-------- INFORMATION

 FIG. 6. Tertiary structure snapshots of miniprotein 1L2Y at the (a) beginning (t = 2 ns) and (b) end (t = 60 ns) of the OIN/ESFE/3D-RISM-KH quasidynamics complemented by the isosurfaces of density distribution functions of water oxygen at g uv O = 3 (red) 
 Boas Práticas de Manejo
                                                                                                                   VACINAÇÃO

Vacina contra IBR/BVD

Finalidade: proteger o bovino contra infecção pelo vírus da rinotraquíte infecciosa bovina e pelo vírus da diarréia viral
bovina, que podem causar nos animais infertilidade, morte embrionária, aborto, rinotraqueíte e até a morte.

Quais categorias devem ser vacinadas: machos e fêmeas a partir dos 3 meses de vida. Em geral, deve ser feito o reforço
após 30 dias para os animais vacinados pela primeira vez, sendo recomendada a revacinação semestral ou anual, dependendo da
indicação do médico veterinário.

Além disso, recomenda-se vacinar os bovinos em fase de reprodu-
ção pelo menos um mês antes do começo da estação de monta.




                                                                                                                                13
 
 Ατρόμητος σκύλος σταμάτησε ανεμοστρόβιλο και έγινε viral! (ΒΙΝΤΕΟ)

----------------
-------- INFORMATION

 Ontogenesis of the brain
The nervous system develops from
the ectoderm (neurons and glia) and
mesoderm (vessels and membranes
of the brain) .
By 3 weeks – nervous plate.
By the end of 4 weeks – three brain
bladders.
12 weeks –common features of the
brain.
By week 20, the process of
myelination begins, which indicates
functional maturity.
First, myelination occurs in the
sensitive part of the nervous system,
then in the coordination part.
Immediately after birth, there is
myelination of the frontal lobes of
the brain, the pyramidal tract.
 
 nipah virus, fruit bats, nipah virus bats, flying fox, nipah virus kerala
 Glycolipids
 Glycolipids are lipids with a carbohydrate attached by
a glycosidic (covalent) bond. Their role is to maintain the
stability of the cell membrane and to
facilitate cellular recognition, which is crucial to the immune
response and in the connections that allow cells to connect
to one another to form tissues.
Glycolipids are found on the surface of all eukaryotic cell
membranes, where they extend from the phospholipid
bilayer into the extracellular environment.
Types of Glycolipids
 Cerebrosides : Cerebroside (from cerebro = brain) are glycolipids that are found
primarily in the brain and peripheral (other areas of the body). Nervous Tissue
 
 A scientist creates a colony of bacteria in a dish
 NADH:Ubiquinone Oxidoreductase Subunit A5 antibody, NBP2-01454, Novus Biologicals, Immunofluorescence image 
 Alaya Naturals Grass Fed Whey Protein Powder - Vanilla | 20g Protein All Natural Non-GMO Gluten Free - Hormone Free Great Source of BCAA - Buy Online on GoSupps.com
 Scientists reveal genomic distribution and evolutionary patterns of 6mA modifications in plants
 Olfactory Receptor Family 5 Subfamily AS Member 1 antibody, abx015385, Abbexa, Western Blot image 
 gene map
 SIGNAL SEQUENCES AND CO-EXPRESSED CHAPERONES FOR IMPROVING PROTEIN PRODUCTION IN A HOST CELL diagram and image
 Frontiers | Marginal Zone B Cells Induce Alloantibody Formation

----------------

[EXERCISE OBJECTIVE]: Return, unchanged, the run of lines above that opens with the line containing "FIG. 6. Tertiary" and closes with the line containing "bovina, que podem". Include both.

[EXPECTED ANSWER]:
 FIG. 6. Tertiary structure snapshots of miniprotein 1L2Y at the (a) beginning (t = 2 ns) and (b) end (t = 60 ns) of the OIN/ESFE/3D-RISM-KH quasidynamics complemented by the isosurfaces of density distribution functions of water oxygen at g uv O = 3 (red) 
 Boas Práticas de Manejo
                                                                                                                   VACINAÇÃO

Vacina contra IBR/BVD

Finalidade: proteger o bovino contra infecção pelo vírus da rinotraquíte infecciosa bovina e pelo vírus da diarréia viral
bovina, que podem causar nos animais infertilidade, morte embrionária, aborto, rinotraqueíte e até a morte.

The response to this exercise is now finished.